Exercise goal:
In the data below, find the line that contains "Fat Transfer before" and the line that contains "Nano-imagerie de la". Copy both, plus every line between them, exactly.
▬▬▬
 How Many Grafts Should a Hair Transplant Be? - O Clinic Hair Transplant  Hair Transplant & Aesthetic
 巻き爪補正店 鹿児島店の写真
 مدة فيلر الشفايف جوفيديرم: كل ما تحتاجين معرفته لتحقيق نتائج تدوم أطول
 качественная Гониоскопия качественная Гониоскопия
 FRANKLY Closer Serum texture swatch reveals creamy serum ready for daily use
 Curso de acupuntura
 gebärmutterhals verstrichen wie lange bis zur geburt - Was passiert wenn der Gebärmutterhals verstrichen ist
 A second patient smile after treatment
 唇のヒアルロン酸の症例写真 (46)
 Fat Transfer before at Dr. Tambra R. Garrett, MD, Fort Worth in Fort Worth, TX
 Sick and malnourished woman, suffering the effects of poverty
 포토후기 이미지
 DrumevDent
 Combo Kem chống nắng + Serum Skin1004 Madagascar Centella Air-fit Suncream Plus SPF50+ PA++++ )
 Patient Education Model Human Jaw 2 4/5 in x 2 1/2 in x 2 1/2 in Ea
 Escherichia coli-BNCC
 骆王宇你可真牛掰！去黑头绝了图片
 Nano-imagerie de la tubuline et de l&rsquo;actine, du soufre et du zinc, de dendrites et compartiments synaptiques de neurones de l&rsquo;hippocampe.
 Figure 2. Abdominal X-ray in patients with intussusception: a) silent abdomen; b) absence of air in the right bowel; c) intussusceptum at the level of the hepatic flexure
▬▬▬
Exercise response:
 Fat Transfer before at Dr. Tambra R. Garrett, MD, Fort Worth in Fort Worth, TX
 Sick and malnourished woman, suffering the effects of poverty
 포토후기 이미지
 DrumevDent
 Combo Kem chống nắng + Serum Skin1004 Madagascar Centella Air-fit Suncream Plus SPF50+ PA++++ )
 Patient Education Model Human Jaw 2 4/5 in x 2 1/2 in x 2 1/2 in Ea
 Escherichia coli-BNCC
 骆王宇你可真牛掰！去黑头绝了图片
 Nano-imagerie de la tubuline et de l&rsquo;actine, du soufre et du zinc, de dendrites et compartiments synaptiques de neurones de l&rsquo;hippocampe.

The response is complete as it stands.